BTN has shown itself to be a huge moneymaker for the conference [7]. But based on the math of their subscriber fees, they stand to make a lot more money if they can get television markets outside of the 8 traditional Big Ten states to include BTN in the basic or expanded basic package - a huge boost in the number of subscribers, as well as the per-subscriber fee. The only way to convince cable providers to include BTN is to expand the Big Ten’s footprint into new, populous television markets.

That’s where the Rutgers and Marlyand expansion comes in: they give the Big Ten access to the lucrative New York and DC television markets [8]. Neither Rutgers nor Maryland are the dominant college sports team in those cities (if there even is one), but they allow the Big Ten to turn a small number of premium sports subscribers, at $0.10 a pop, into a huge number of basic cable subscribers at $1.00 each. And so the Big Ten’s pie is expanded before being sliced for the new members.

Problems for the Big Ten, however, lurk just around the corner; if cable unbundling happens, either due to legislation or market pressures, and BTN is sold a la carte, they lose the vast majority of the premium sports subscribers in markets outside the 8 Big Ten states, and in the newly expanded markets like DC and New York, they only have access to subscribers who are huge Marlyand or Rutgers fans - a tiny fraction of the number of basic cable subscribers. It’s unclear whether the BTN would even be profitable under an a la carte system, let alone the cash cow it’s proven to be so far.

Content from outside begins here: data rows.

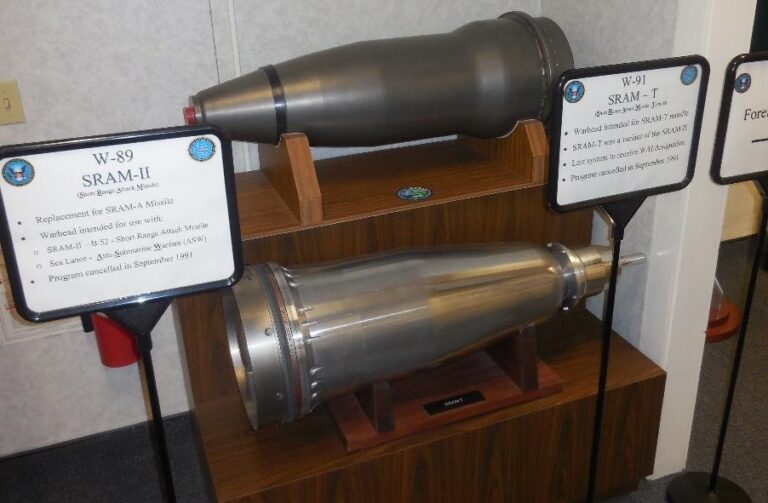 Introduzione ad armi nucleari e deterrenza (5)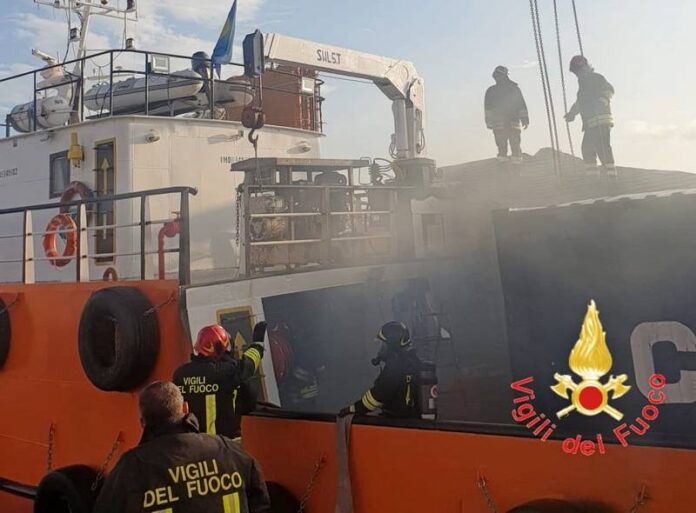 esplosione crotone porto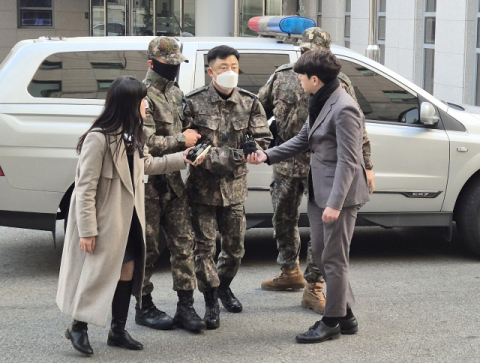 ‘햄버거집 내란 모의’ 참여 혐의 김용군 전 대령 구속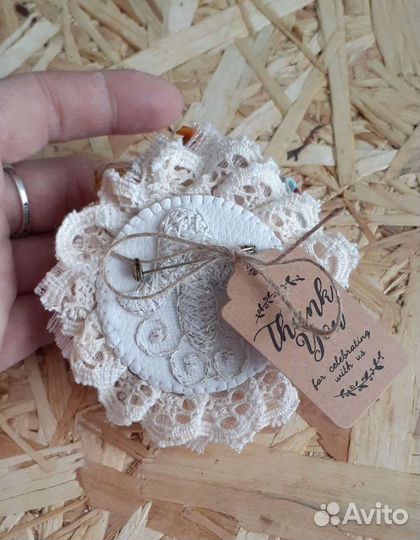 Брошь цветок из ткани бохо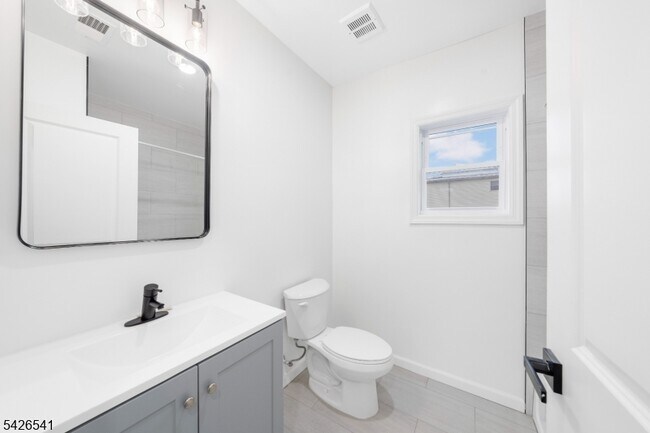 Foto del edificio - 324 Second St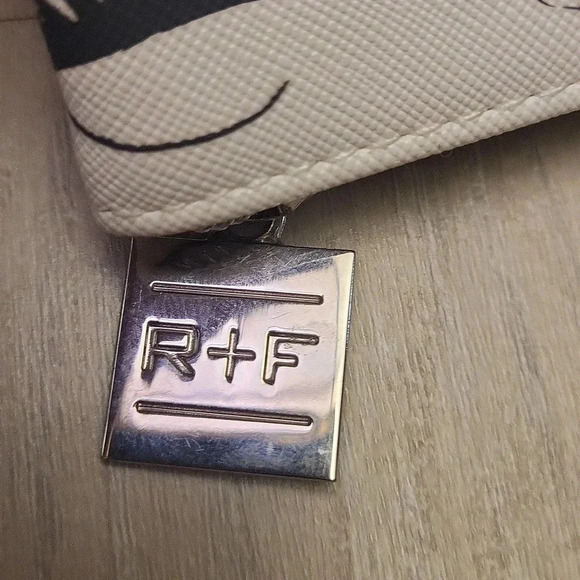 🛍Rodan + Fields‎ Eye White Cosmetic Pouch - Picture 2 of 6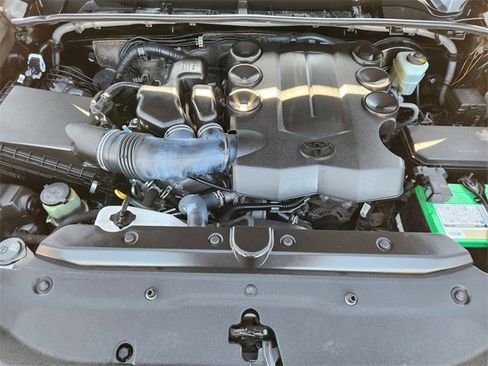 Used 2022 Toyota 4Runner Limited image 31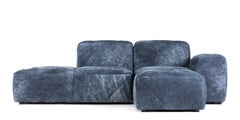 Moooi BFF Right Arm Chaise Longue Sofa in Dwarf Rhino Buffed Blue Polsterung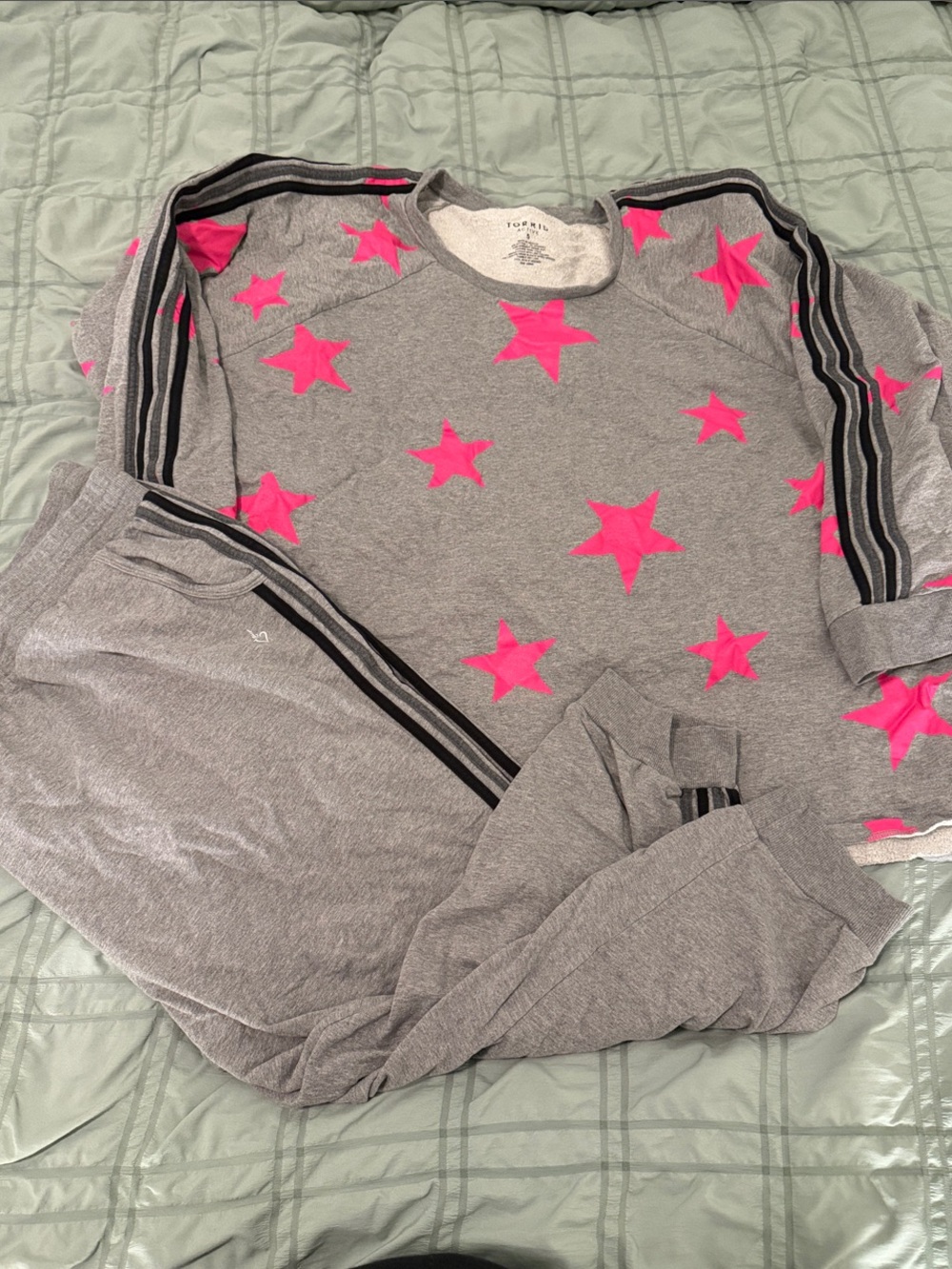 torrid Gray sweat suit Set with Hot Pink Stars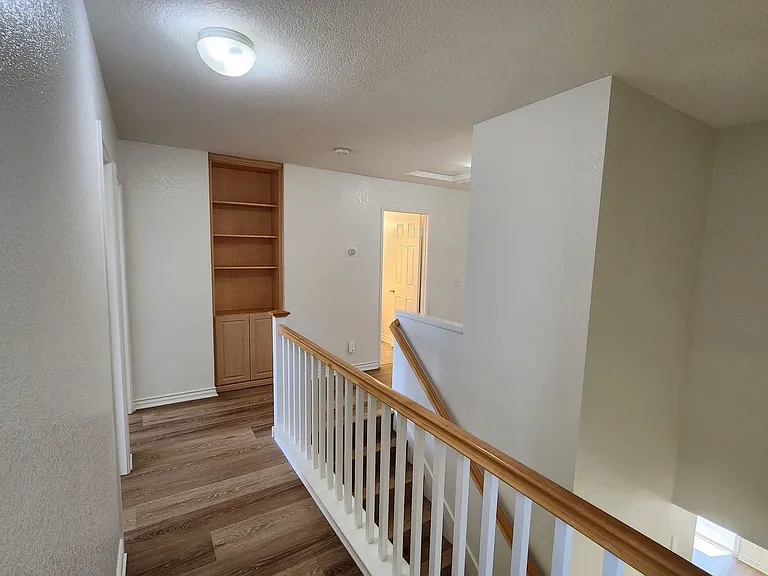 26 Anglesite — Photo 13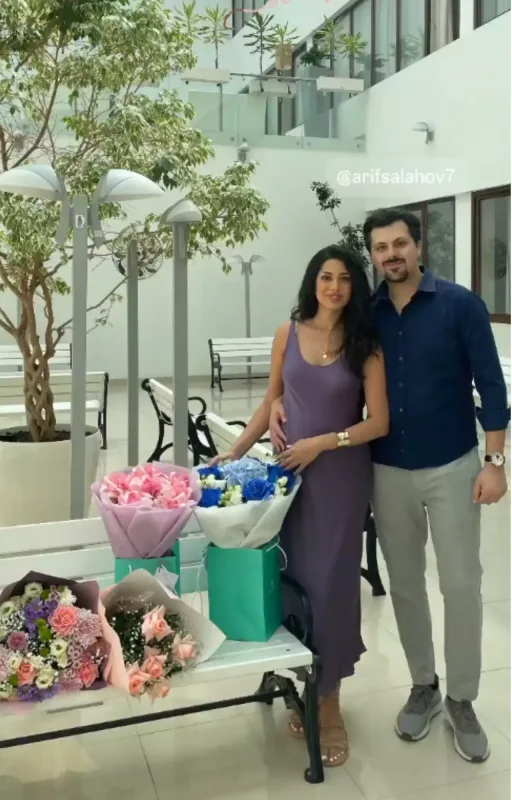 İTV-nin aparıcısı körpəsini üzə çıxardı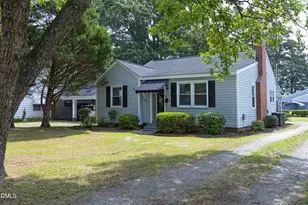 907 S 2nd St, Smithfield, NC 27577 - Photo 4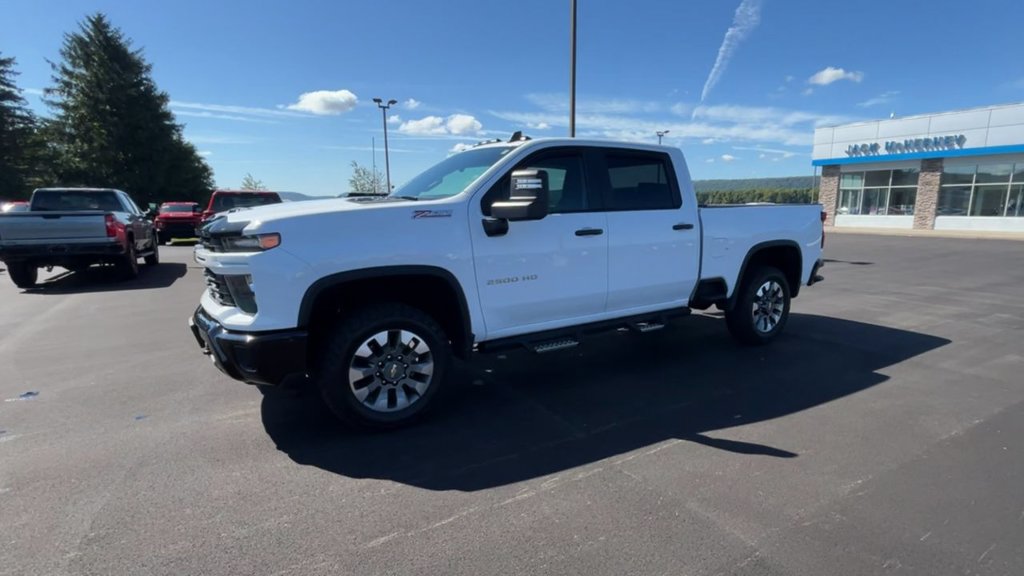 Used 2024 Chevrolet Silverado 2500 Custom w/ Custom Value Package AWD/4WD image 4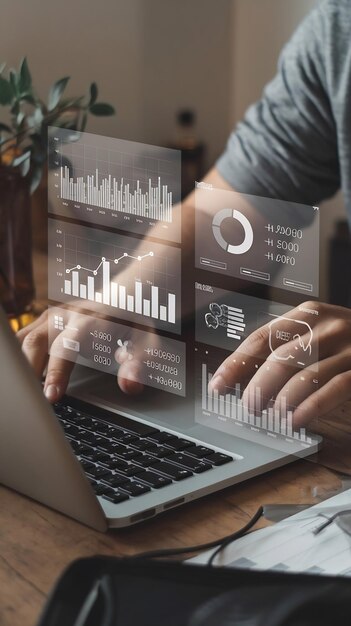 Primer plano de las manos de una persona que usa una computadora portátil haciendo análisis de datos con gráficos y gráficos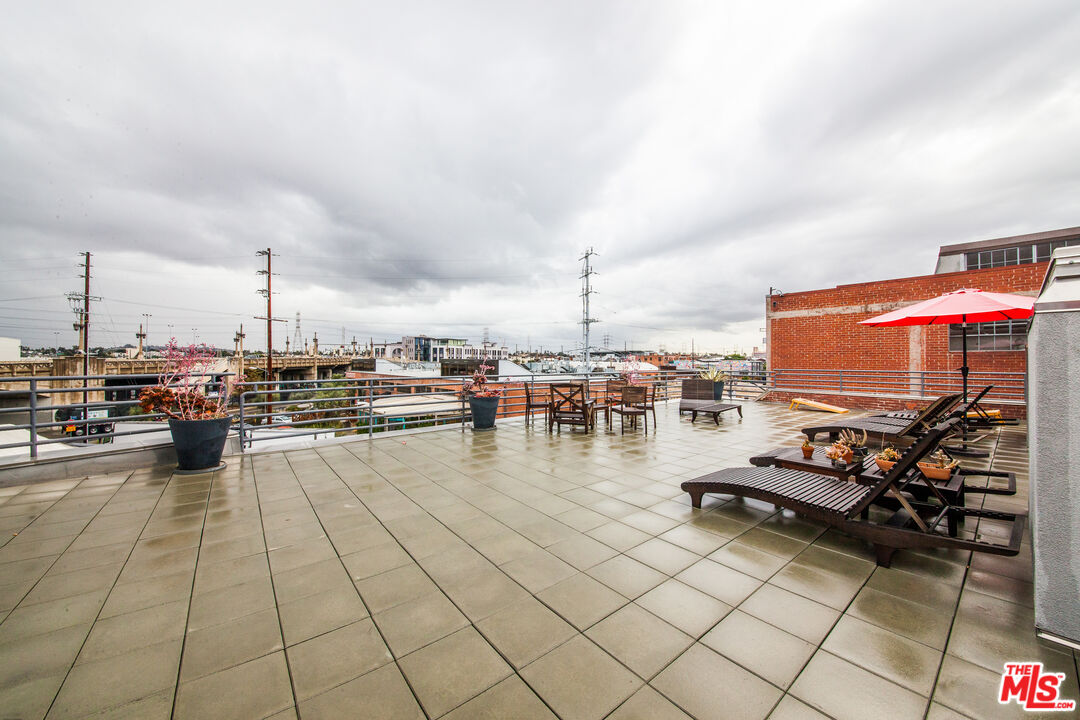 530 Molino St Unit: 113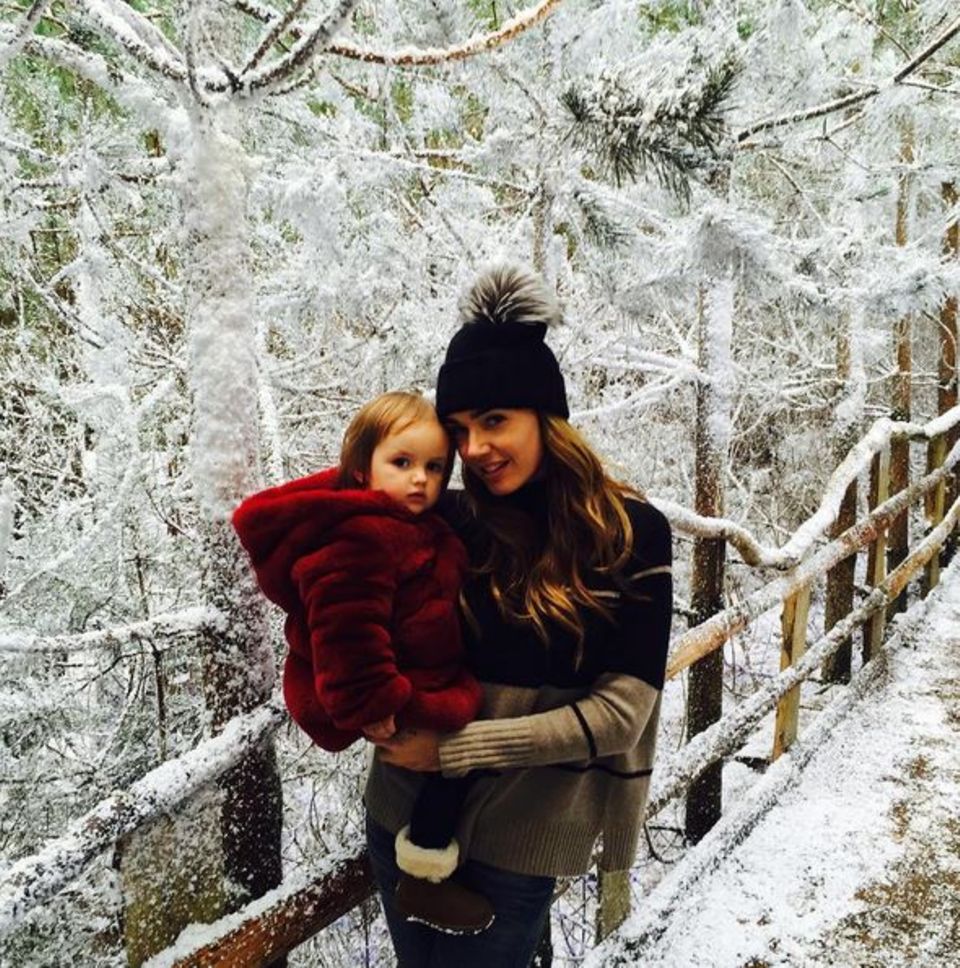 Tamara Ecclestone ist mit Töchterchen Sophia unterwegs zu Santa Claus. Tamara Ecclestone ist mit Töchterchen Sophia unterwegs zu Santa Claus.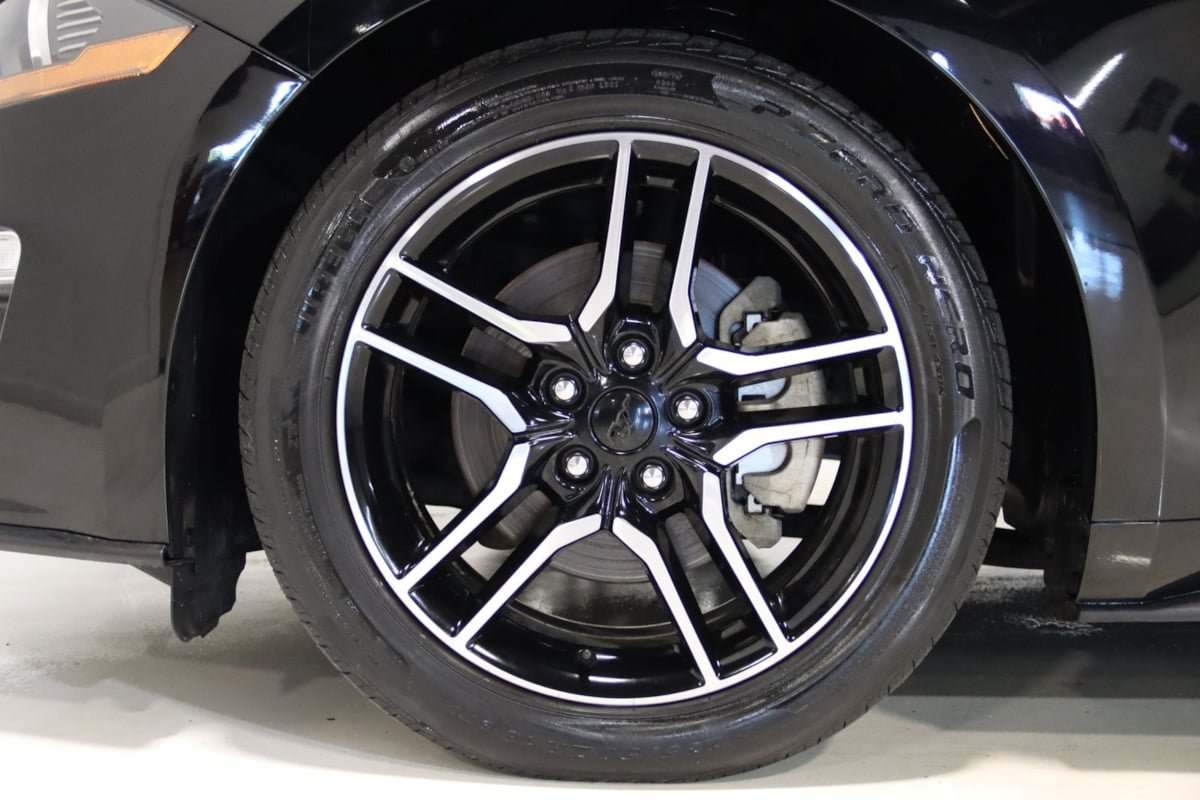Used 2019 Ford Mustang Premium RWD image 64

And so Jim Delany finds himself with an unlikely foe; if John McCain’s bill passes, the economics of the BTN, which were the underpinnings of conference expansion, stop working, and the newly added members of the Big Ten only serve to dilute the quality of the football product of the nation’s oldest conference.

Even if content providers like the Big Ten get their way and defeat this bill, which is likely, it seems to be only a matter of time until cable unbundling happens. When it does, we’ll likely be in for another round of conference shuffling as schools try to figure out how to finance costly cross-country sports programs that rely on huge payouts from conference TV networks.

[1] The Big Ten is not alone here, they were just the primary instigator of the conference expansion. Both the Pac-10/12 and SEC are trying a similar play, with the Pac 12 creating their own television networks while cutting out a large equity partner like Fox.

[2] 5 national championships, 10 undefeated seasons, 43 conference championships, 53 consensus All-Americans.

[3] NCAA rules stipulate that a conference has to have at least 12 members to have a championship game

[4] According to ESPN, Fox is paying $145m over six years for the Big Ten football championship game alone

[5] Rutgers is 5-8 in bowl games,and has never gone to a major bowl. It won a Big East Championship in 2012. Maryland is 1-4 in major bowls, and 11-11-2 in all bowls, with 2 national championships.

[6] Reported figures vary, and probably fluctuate by television market and provider, but the figures I’ve seen are $0.88 and $0.05, $0.70 and $0.10, $1.10 and $0.10

[7] It has contributed $42.5m to each member school since its inception in 2006

[8] #1 and #8, respectively. Baltimore (#27) and New Jersey are also contributors.